The understanding of the differential roles of the left and right hemispheres in learning is essential to the management of children with learning disabilities. For example, children who early in life show failure in learning to read through the traditional process may be right-dominant, which occurs in about 4% of the population (Hellige, 1993). The traditional language teaching technique favors left-dominant children, who start learning language by first learning symbols (letters) and advancing step-by-step. Right-dominant children, on the other hand, learn language better by starting with touch, using the senses, and body movement. The right hemisphere cannot adapt to the step-by-step approach, and learns by finding patterns in random stimuli. Right-dominant people are also more comfortable in expressing through non-verbal approaches, such as by pictures, or typing/writing. Left-dominant people, are on the other hand, primarily verbal (Major, 2012).
Overall, specific learning functions and skills can be localized to either the left or right hemisphere, and one hemisphere of the brain is predominantly involved in carrying out any learned behavior.
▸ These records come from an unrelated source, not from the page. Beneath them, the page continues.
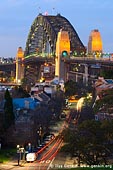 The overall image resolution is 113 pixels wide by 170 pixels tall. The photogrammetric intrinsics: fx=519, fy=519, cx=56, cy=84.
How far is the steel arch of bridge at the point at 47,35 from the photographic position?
127562mm

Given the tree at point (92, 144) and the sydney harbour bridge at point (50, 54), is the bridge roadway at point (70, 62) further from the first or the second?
the tree at point (92, 144)

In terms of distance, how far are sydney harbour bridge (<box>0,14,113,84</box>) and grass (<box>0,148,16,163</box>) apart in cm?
6620

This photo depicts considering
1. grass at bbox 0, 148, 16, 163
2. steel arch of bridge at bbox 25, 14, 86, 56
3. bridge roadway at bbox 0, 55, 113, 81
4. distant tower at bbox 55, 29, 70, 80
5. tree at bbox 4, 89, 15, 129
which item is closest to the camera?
grass at bbox 0, 148, 16, 163

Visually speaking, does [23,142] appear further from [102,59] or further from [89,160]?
[102,59]

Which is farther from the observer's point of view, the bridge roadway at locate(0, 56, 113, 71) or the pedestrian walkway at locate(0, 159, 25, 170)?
the bridge roadway at locate(0, 56, 113, 71)

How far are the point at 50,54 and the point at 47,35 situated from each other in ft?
36.4

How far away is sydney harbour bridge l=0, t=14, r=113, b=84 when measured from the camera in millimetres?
104637

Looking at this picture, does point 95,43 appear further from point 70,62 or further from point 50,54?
point 70,62

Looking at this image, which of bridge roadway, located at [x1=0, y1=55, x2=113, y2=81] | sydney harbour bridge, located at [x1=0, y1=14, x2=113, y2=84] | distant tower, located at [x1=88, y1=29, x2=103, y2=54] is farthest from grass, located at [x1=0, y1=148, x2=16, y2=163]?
distant tower, located at [x1=88, y1=29, x2=103, y2=54]

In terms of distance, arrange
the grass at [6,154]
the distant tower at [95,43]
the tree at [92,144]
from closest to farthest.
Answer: the tree at [92,144], the grass at [6,154], the distant tower at [95,43]

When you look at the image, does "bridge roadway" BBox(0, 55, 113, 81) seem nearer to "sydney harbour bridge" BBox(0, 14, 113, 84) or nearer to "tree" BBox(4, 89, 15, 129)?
"sydney harbour bridge" BBox(0, 14, 113, 84)

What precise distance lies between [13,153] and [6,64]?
358 ft

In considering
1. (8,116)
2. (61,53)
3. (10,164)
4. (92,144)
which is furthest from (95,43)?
(92,144)

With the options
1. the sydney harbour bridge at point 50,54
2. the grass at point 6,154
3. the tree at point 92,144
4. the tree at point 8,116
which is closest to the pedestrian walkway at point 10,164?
the grass at point 6,154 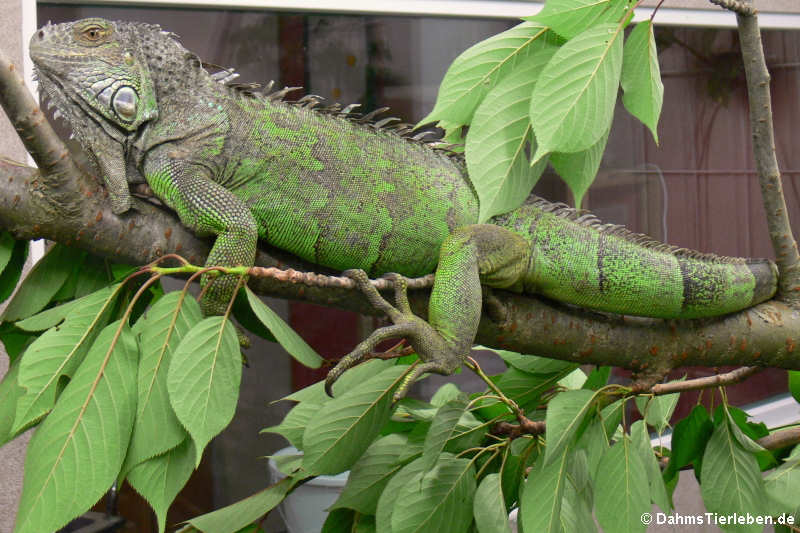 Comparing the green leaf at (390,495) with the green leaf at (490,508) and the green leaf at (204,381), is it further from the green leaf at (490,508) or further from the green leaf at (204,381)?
the green leaf at (204,381)

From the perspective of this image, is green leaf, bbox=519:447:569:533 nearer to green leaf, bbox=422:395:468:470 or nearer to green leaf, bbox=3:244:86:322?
green leaf, bbox=422:395:468:470

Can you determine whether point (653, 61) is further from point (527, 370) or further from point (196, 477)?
point (196, 477)

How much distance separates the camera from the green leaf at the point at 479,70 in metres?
0.78

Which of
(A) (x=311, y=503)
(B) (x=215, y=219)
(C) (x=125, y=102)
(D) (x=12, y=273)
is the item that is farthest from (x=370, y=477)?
(A) (x=311, y=503)

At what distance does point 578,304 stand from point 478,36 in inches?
66.2

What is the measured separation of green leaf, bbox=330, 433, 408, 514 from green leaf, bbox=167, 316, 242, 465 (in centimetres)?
33

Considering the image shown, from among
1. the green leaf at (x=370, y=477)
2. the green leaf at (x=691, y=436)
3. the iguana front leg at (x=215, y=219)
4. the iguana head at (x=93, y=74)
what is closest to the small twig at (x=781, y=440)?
the green leaf at (x=691, y=436)

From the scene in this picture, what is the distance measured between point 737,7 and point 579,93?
0.83 feet

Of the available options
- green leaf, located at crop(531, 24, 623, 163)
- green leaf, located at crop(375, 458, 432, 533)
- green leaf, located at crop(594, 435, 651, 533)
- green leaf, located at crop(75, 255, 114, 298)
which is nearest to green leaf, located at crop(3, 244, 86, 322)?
green leaf, located at crop(75, 255, 114, 298)

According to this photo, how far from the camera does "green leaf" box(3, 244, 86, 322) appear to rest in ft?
2.85

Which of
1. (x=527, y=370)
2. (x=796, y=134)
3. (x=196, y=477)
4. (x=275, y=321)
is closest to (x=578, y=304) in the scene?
(x=527, y=370)

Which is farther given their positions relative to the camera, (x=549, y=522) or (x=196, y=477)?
(x=196, y=477)

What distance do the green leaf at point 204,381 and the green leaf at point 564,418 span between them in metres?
0.35

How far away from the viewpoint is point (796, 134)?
11.1 ft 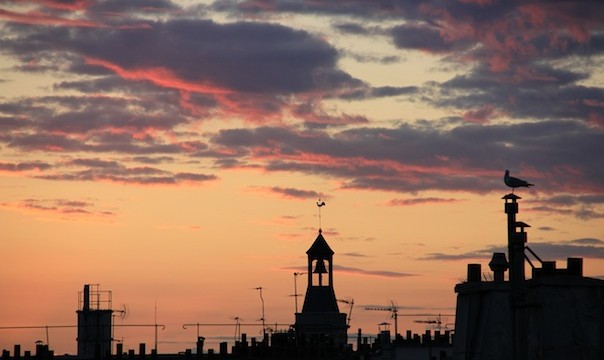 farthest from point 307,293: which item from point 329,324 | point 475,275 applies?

At the same time, it is important to recognize that intact functioning of both hemispheres is essential for completing all aspects of learning, memory and behavior. Even right-dominant individuals have some brain activities primarily controlled by the right hemisphere, and vice versa (Major, 2012). Therefore, no individual utilizes solely one hemisphere for the learning process.
References
Barrett, K. E., Barman, S. M., Boitano, S., Brooks, H. L. (2010). Learning, Memory, Language, & Speech. In: Ganong's Review of Medical Physiology, 23rd e (Chapter 19). Retrieved from: http://accessmedicine.com/content.aspx?aid=5241276
Hellige, J.B. (1993). Hemispheric Asymmetry: What's Right and What's Left. Cambridge, MA: Harvard University Press.
Major, S. (2012). The Impact of Hemispheric Dominance on Learning to Read. Retrieved from: http://www.homeeddirectory.com/blog/impact-hemispheric-dominance-learning-read
Purves, D., Augustine, G. J., Fitzpatrick, D., Hall, W.C., LaMantia, A-S., McNamara, J.O., Williams, S.M. (Eds). (2004). Neuroscience, 3rd e. Sunderland, MA: Sinauer Associates, Inc.